ACTIVITY: Copy, from the material below, each line that contains the word "Coupe".
:: TASK INPUT ::
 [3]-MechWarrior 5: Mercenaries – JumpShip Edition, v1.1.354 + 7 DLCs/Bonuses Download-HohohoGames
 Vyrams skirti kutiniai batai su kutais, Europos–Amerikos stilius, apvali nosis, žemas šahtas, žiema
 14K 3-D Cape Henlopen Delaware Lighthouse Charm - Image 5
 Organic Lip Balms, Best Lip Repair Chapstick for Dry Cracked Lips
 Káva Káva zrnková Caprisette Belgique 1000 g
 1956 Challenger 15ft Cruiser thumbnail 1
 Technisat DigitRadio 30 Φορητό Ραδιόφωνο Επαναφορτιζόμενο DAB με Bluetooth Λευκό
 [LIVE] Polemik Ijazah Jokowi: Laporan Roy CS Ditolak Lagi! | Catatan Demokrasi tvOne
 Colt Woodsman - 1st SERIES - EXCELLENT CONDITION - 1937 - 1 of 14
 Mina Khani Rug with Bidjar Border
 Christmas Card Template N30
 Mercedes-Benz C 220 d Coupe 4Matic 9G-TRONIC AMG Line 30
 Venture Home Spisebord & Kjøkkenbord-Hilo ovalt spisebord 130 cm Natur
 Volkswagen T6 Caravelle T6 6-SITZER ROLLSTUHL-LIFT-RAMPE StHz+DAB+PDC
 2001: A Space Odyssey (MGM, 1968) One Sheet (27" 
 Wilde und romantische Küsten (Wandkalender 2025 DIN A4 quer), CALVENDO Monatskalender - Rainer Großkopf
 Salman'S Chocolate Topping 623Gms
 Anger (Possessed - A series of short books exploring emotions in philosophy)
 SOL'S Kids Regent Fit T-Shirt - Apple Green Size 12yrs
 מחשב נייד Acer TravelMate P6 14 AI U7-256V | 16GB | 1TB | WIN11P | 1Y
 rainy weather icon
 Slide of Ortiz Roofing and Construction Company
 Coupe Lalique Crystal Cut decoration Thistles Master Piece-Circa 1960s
:::
ANSWER SPACE:
 Mercedes-Benz C 220 d Coupe 4Matic 9G-TRONIC AMG Line 30
 Coupe Lalique Crystal Cut decoration Thistles Master Piece-Circa 1960s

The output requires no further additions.